For: The Institute of Contemporary and Emerging Worship Studies, St. Stephen’s University, Essentials Red Online Worship History Course with Dan Wilt

I had never thought of time or space as a soul language, so this has been an interesting lesson for me. I grew up in Ohio in a very unbelieving household, but as a child I remember loving nature. Nature is an amalgam of time and space: wandering in the red-leafed woods of autumn, watching snow fall in the light of streetlamps, smelling the lilac bushes burst in bloom, and biking out to the river in the heat of summer and skipping stones in the shallows; these are my favorite childhood memories, times when I was alone and at peace with the universe. I had a vague notion of God, so I wouldn’t have called such times “worship” – but I think they were, really.

We moved to Tucson when I was in high school, and my love of nature continued in the two seasons we have here: summer and hell (sorry – Tucson joke). Seriously, the grey and purple craggy mountains, the wide deep blue sky, the delicate greens and browns of the desert, all ministered to my soul.
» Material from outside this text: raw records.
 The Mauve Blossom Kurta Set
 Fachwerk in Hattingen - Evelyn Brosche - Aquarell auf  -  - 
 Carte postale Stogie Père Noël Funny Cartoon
My favorite worship times are still out of doors, especially with a view of the mountains or the ocean. The mountains and the ocean give me that sense of the majesty of God that leads me to worship.
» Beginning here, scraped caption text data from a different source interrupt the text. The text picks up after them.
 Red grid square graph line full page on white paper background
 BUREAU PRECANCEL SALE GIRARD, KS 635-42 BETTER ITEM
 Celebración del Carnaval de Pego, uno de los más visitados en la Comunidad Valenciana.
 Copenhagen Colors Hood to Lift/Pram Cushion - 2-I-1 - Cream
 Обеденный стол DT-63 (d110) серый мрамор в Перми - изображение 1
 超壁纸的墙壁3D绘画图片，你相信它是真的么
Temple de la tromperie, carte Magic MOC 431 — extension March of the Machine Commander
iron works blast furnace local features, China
The churches I have attended since becoming a Christian 30 years ago have been very utilitarian spaces, and being a good Puritan, I thought that churches should be utilitarian, and that spending money on stained glass and worship spaces was wasteful and sort of idolatrous. Then I entered a cathedral for the first time, in England about four years ago.  The feeling of awe was incredible. So now I have mixed feelings. I think we should be extravagant in our worship, and perhaps my former attitude was like that of the disciples who chided Mary Magdalene for pouring the precious ointment over Jesus’ feet.